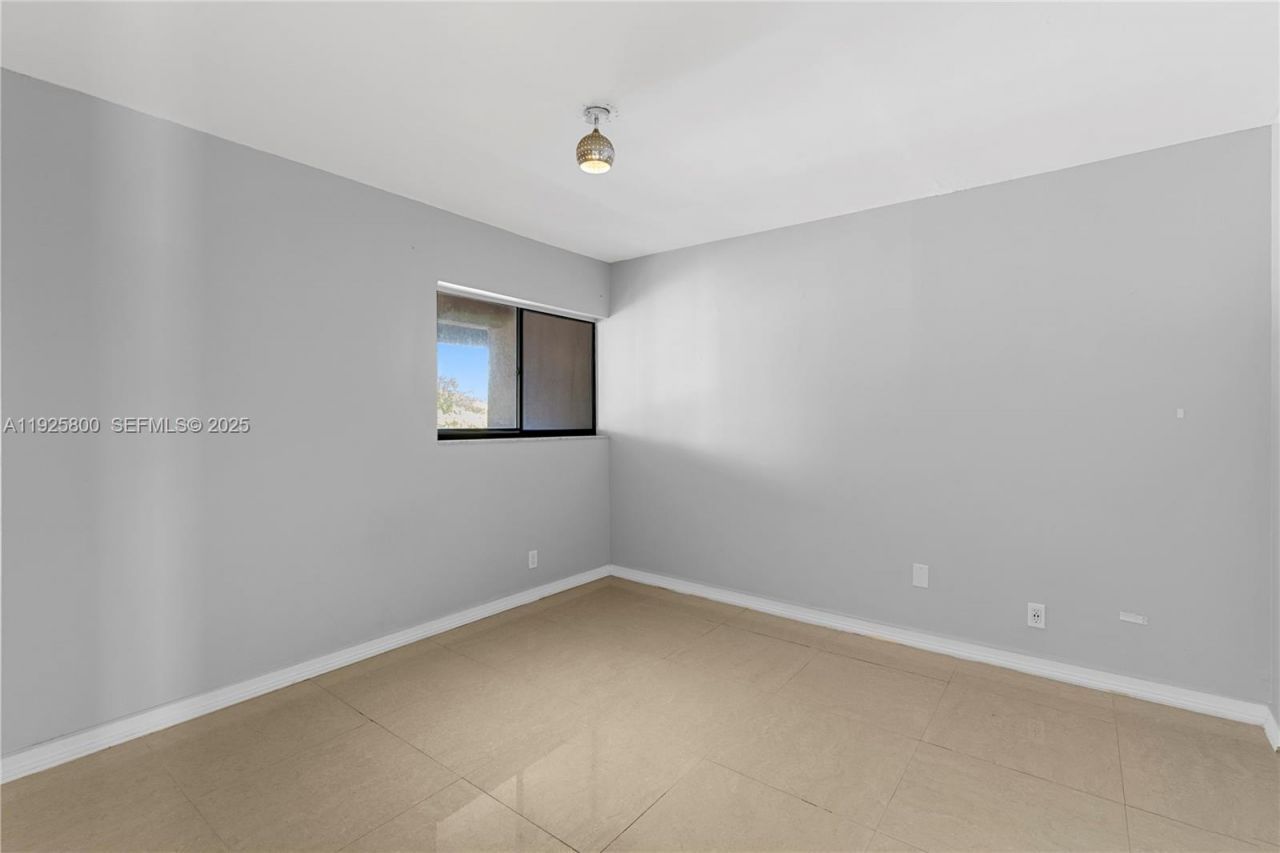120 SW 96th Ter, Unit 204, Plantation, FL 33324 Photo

________________

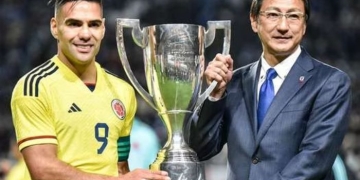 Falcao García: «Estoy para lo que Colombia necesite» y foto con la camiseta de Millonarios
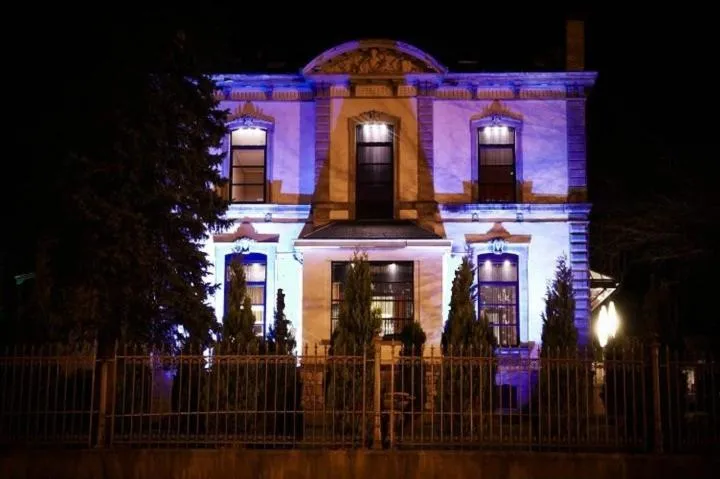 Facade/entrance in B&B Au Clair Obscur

________________

* _WHAT TO DO_
Using the data above, print only the lines starting at the one with "camiseta de Millonarios" and ending at the one with "Facade/entrance in B&B Au Clair Obscur", exactly as they stand, minus the pictures.

* _ANSWER TO THE EXERCISE_
 Falcao García: «Estoy para lo que Colombia necesite» y foto con la camiseta de Millonarios
 Facade/entrance in B&B Au Clair Obscur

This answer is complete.